The basic problem is that nfsrv_getcache() does either a malloc or
gets the lru entry (with a potential to sleep in both cases). While
sleeping, it is possible for a retried copy of the same request to
get into the cache, resulting in duplicates and potential problems
later.

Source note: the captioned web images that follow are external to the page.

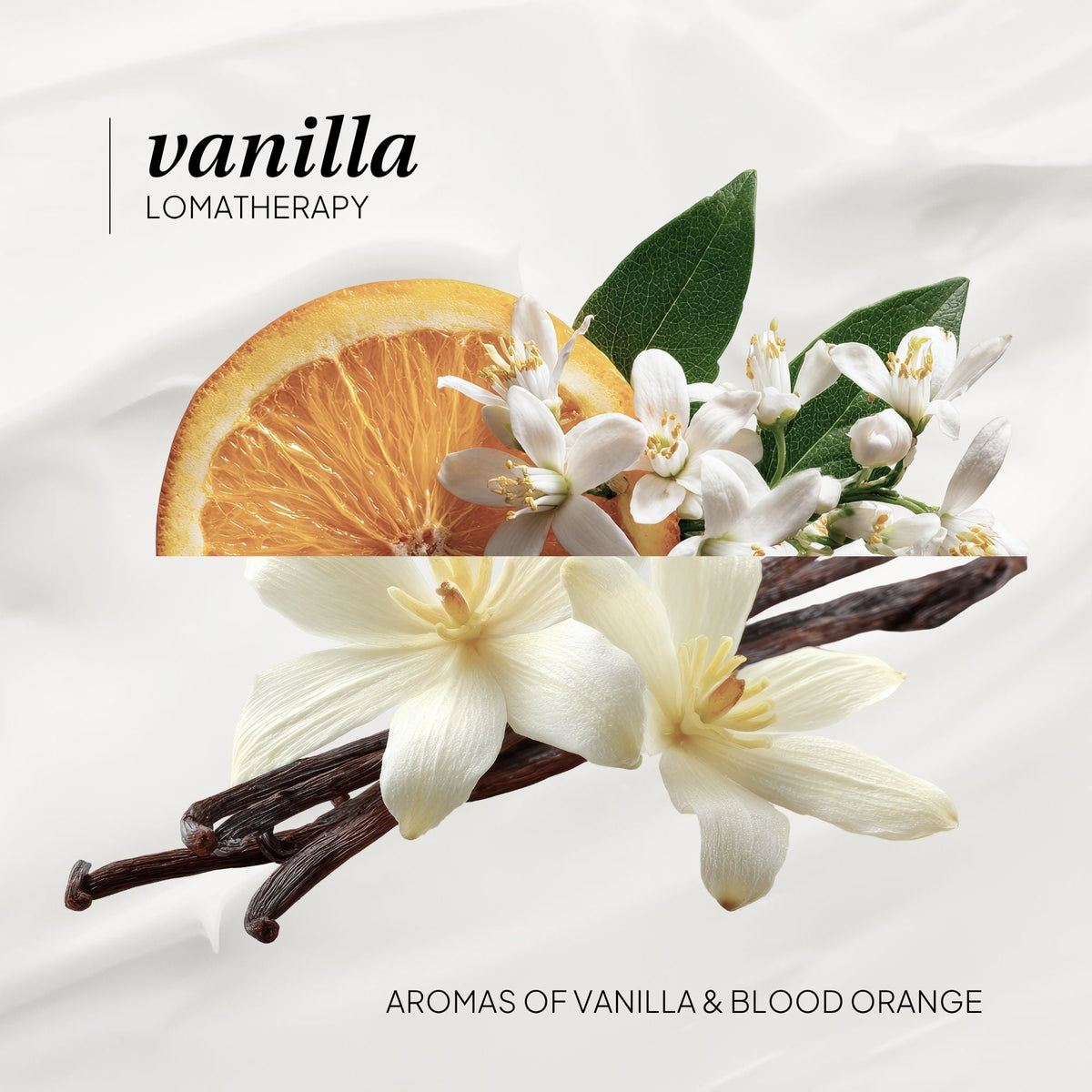 Vanilla Body Wash - LOMA RETAIL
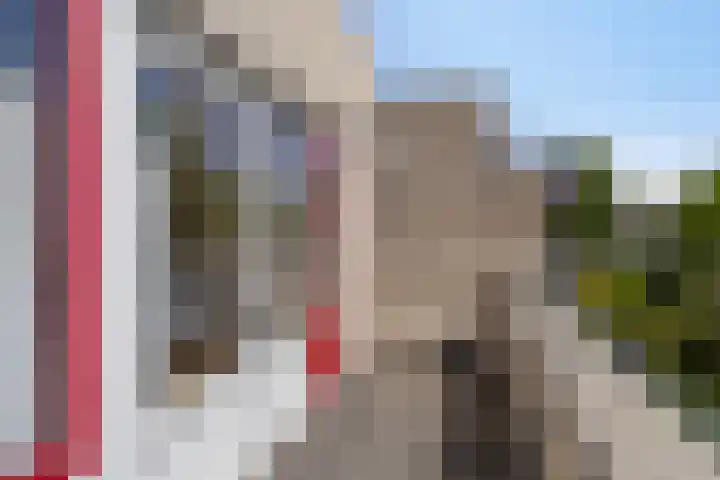 Duinakker 43 Roden thumbnail 46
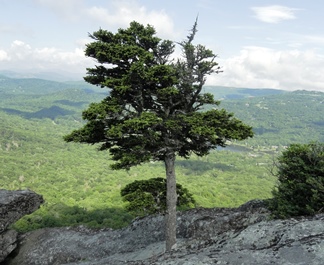 Tree on the side of a mountain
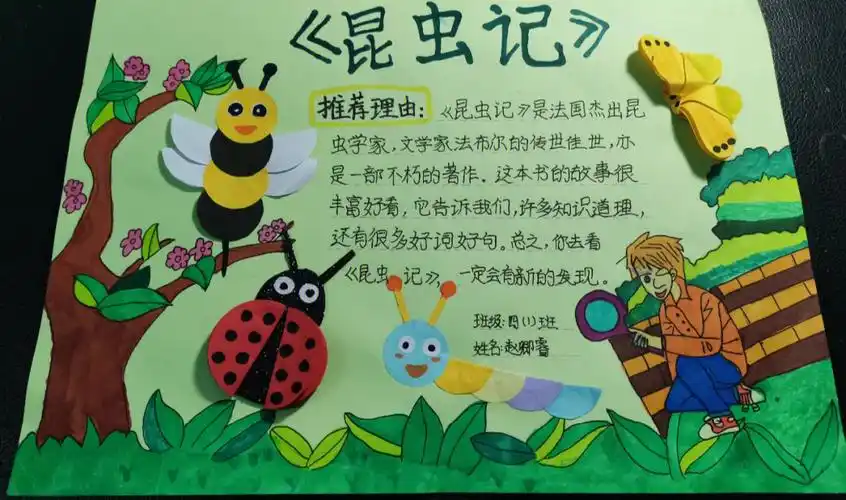 四年级语文  #小学语文   我们的孩子自制《好书推荐卡》超级好看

My code base is now quite different, but I think the following
fixes the problem.

Basically, move the malloc to the top, before the search loop and change
the "else" case to look for an unlocked entry without sleeping and fall
back on using the newly malloc'd one, avoiding any sleeps after the
search loop.

Here is a "diff -c" for the nfs_srvcache.c that was in OpenBSD 2.6.
(If the entire file is more useful, you can get it via anonymous
ftp to snowhite.cis.uoguelph.ca in pub/nfs/nfs_srvcache.c.fixed.)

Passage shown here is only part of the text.